Every record needs to be repeated exactly; its pictures do not.
_____
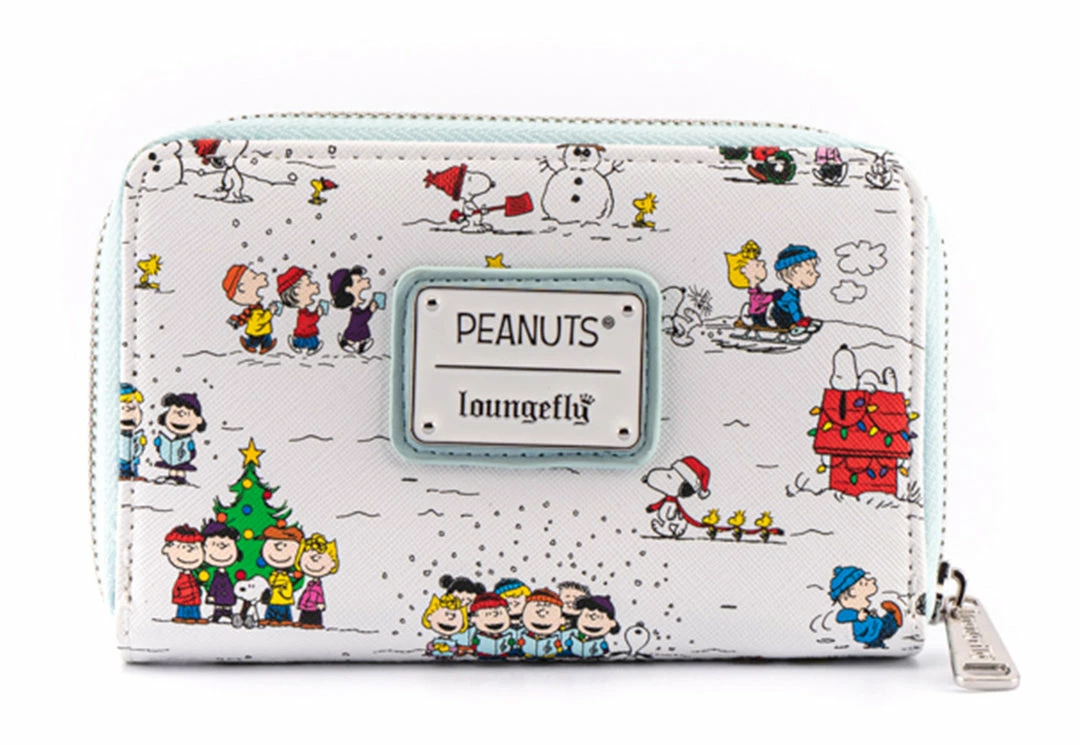 Loungefly Peanuts Happy Holidays AOP Ziparound Wallet 2 Loungefly Peanuts Happy Holidays AOP Ziparound Wallet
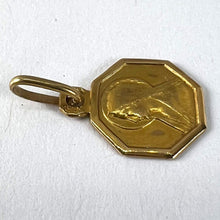 Load image into Gallery viewer, Small Vintage French Lourdes Virgin Mary 18K Yellow Gold Religious Charm Pendant
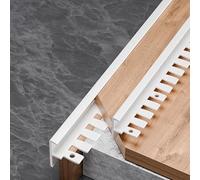 Flexible Metal Stair Edge Profile for Laminate & Tile F-Shaped Design for Enhanced Safety & Durability Ideal for Home Renovation & Flooring Projects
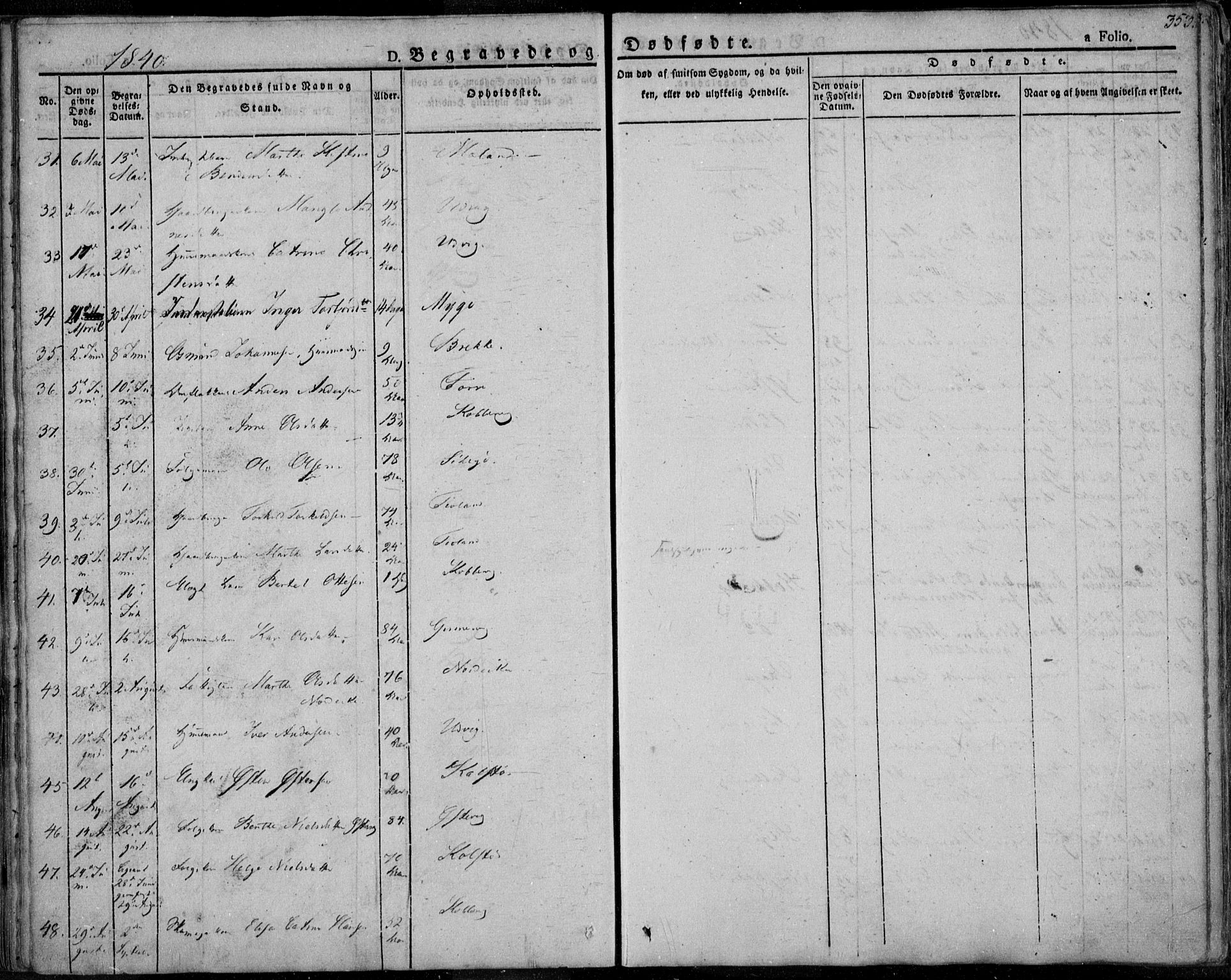 Avaldsnes sokneprestkontor, AV/SAST-A -101851/H/Ha/Haa/L0005: Parish register (official) no. A 5.2, 1825-1841, p. 353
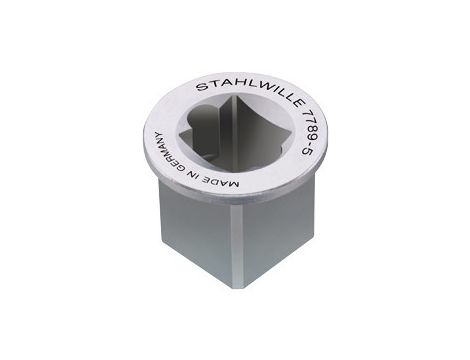 STAHLWILLE - 7789-5 Adapter czworokątny Gniazdo kwadratowe 3/8mm Zewnętrzny kwadrat 1/2mm - 58524091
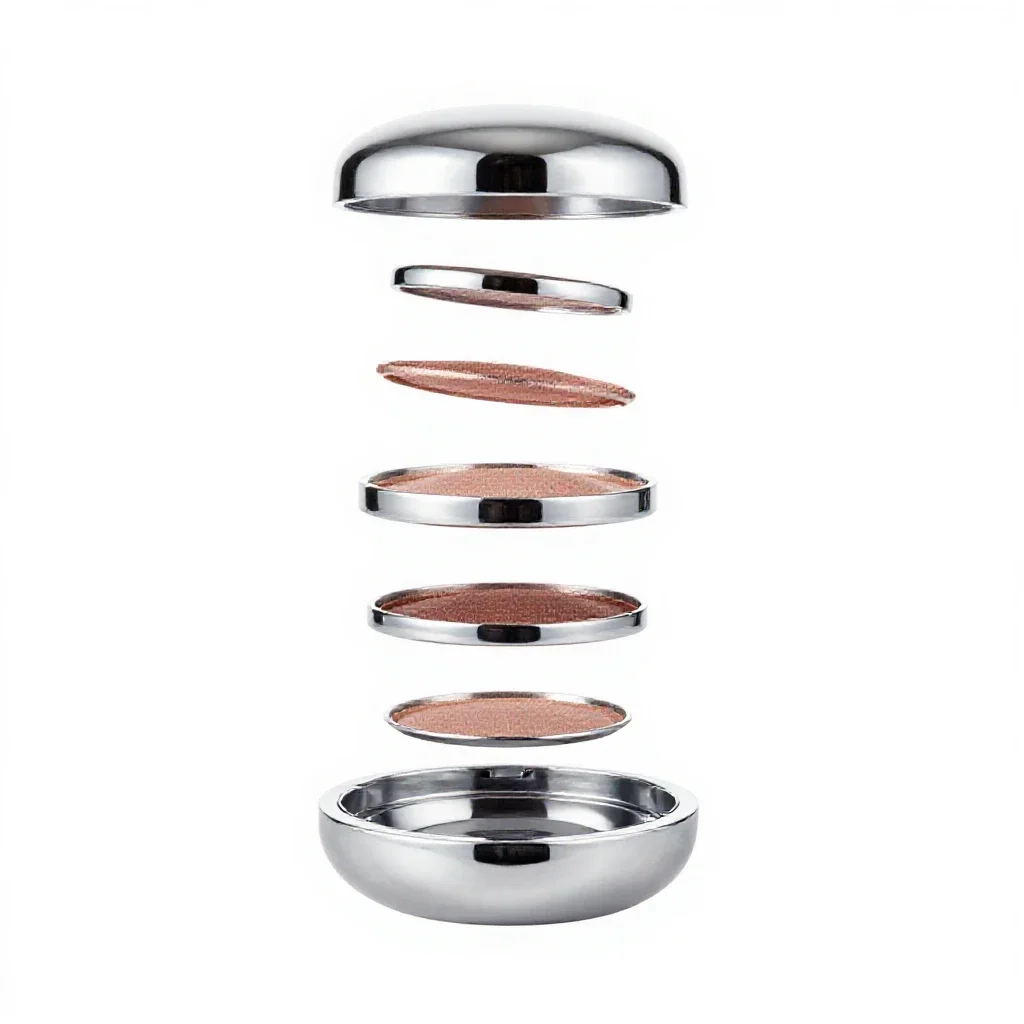 Eyeshadow isolated on a white background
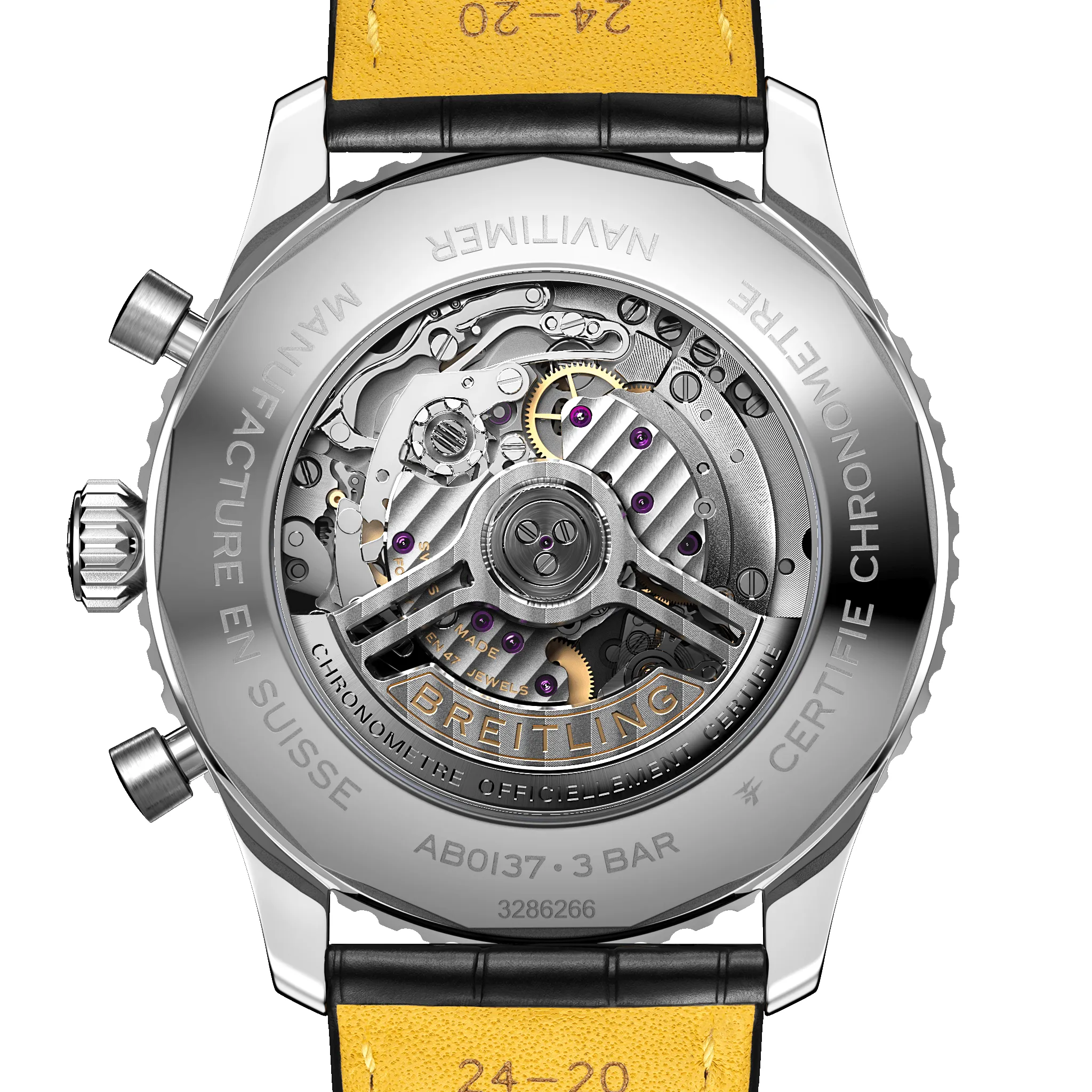 Breitling Watch Navitimer B01 46 Black Croc Folding Clasp sold by Jura Watches product image thumbnail 4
_____
Output below:
 Loungefly Peanuts Happy Holidays AOP Ziparound Wallet 2 Loungefly Peanuts Happy Holidays AOP Ziparound Wallet
 Load image into Gallery viewer, Small Vintage French Lourdes Virgin Mary 18K Yellow Gold Religious Charm Pendant
 Flexible Metal Stair Edge Profile for Laminate & Tile F-Shaped Design for Enhanced Safety & Durability Ideal for Home Renovation & Flooring Projects
 Avaldsnes sokneprestkontor, AV/SAST-A -101851/H/Ha/Haa/L0005: Parish register (official) no. A 5.2, 1825-1841, p. 353
 STAHLWILLE - 7789-5 Adapter czworokątny Gniazdo kwadratowe 3/8mm Zewnętrzny kwadrat 1/2mm - 58524091
 Eyeshadow isolated on a white background
 Breitling Watch Navitimer B01 46 Black Croc Folding Clasp sold by Jura Watches product image thumbnail 4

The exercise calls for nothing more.